HB 1033 amends SDCL §13-63-1 to update the statutory definition of “Internal Revenue Code” for South Dakota’s higher education savings program to a January 1, 2026 cutoff. The change explicitly anchors multiple 529-related definitions in state law — such as "eligible education institution," "member of the family," and "qualified higher education expenses" — to the federal IRC as it stood on that date.
This is a technical conformity bill, not a policy overhaul: it does not add new program authorities or change the mechanics of accounts. Its practical importance is legal and operational clarity.
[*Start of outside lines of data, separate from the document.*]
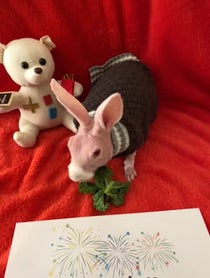 Poster for Gift video from Mr Bigglesworth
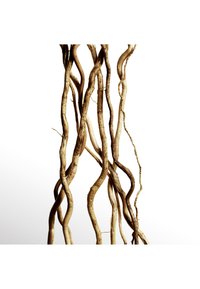 Thumbnail Image 7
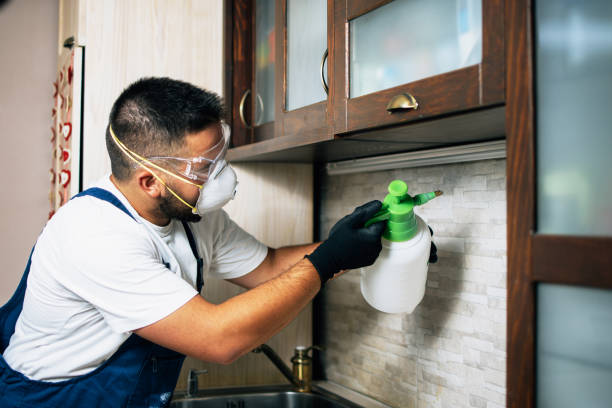 Best Wasp Removal Services  in Canadian Lakes, MI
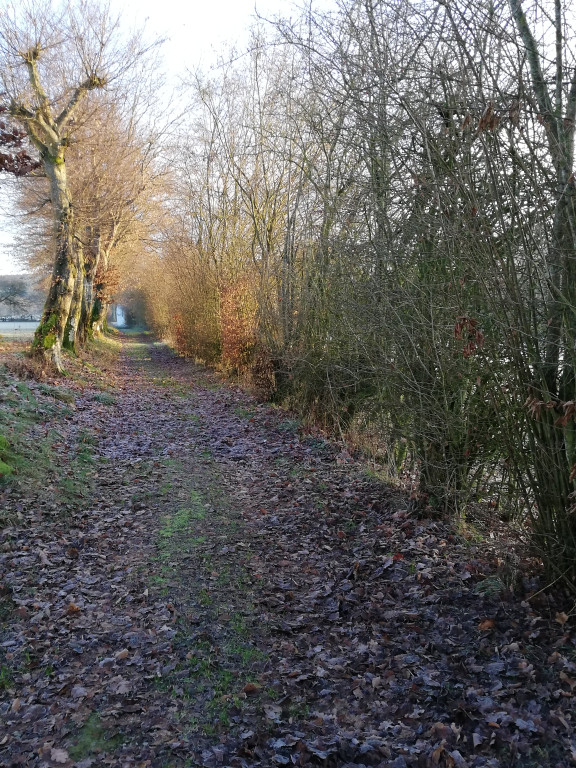 Chemin emprunté au détour de votre marche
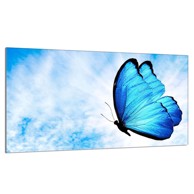 TMK Staklena zaštita za štednjak ili ploču za kuhanje 90 x 52 cm, leptir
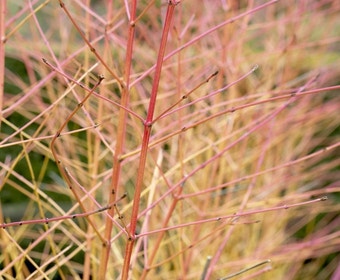 Kornoelje (Cornus sanguinea 'Midwinter Fire')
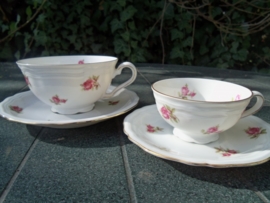 ZELDZAAM!! Mokka kop en schotel Marie Luise met roze/rode roosjes THEE model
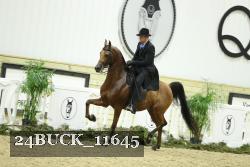 24BUCK_11645 thumbnail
By locking the chapter to a recent IRC date, the state reduces interpretive risk about which federal rules govern tax treatment, rollovers, and eligible uses of funds — while also making future federal changes less likely to apply automatically without further legislative action.
At a Glance
What It Does
The bill replaces the statute's existing cross‑reference so that the phrase “Internal Revenue Code” within chapter 13‑63 means the federal code as of January 1, 2026. Key 529-related definitions in the chapter therefore incorporate the IRC's text and federal definitions as of that date.
Who It Affects
Account owners and designated beneficiaries of South Dakota 529 accounts, the South Dakota Investment Council and any program managers/financial institutions that administer accounts, and tax advisers who prepare state filings tied to 529 treatment.
Why It Matters
Fixing a recent IRC cutoff reduces uncertainty about which federal provisions apply to account administration and tax treatment, but it also freezes state incorporation of federal changes after that date unless the legislature updates the statute again.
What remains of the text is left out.